普通、Menuet はカップルで踊られるものですが、ソロ用に作られたMenuet も少数ながら存在します。どちらのMenuet にしても、音楽は、2小節で一単位、ステップは1拍目と3拍目にアクセントが来ます。つまり、踊りには、ステップの中でへミオラが生ずるのです。

Pas de Menuet



それを感じながら踊るのは、結構難儀な事ですが、Menuet に於ける音楽のアクセントと、踊りのアクセントのズレから生じる微妙な不安定さこそ、Baroque らしさと言えるでしょうか。Menuet で使われるステップの中には、音楽のアクセントと一致するものありますが、多くは使われません。音楽と一致する安堵感を避けているようにも感じられますね。Menuet は普通に考えられているよりも、ずっと複雑に構成されているのです。

参考にしたくて、今、取り組んでいるMenuet performed by Mrs.Santlow の動画を探しましたが、一つだけ見つかりました。
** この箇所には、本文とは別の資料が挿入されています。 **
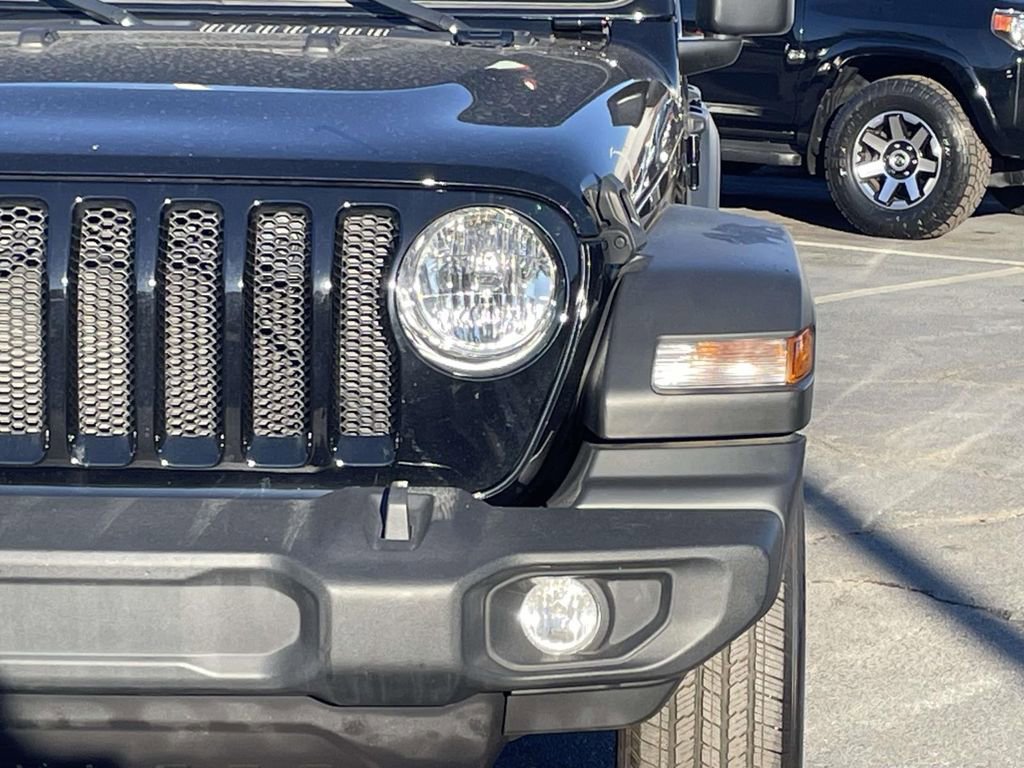 Used 2021 Jeep Wrangler Unlimited Sport image 14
他にもソロ用のMenuet を探したら、何と男性ソロ用のMenuet の動画を見つけました。Louis XIVの時代の卓越した男性舞踏家 M.Ballon の為に作られたMenuet です。観ると、このMenuet には、Menuet 特有の<Pas de Menuet>が用いられていません。これは非常に珍しい事です。Menuet の音楽を使ってChaconne を踊っているようです。でも、踊りの雰囲気は、Menuet なのです。これを踊っている舞踏家が、Menuet を熟知しているから出来た事なのでしょうね。舞踏譜さえあれば、僕もこのMenuet を踊ってみたいですね。何処かに所蔵されているのでしょうけれど、探し出すのは困難かもしれません。でも、踊りたいなぁ。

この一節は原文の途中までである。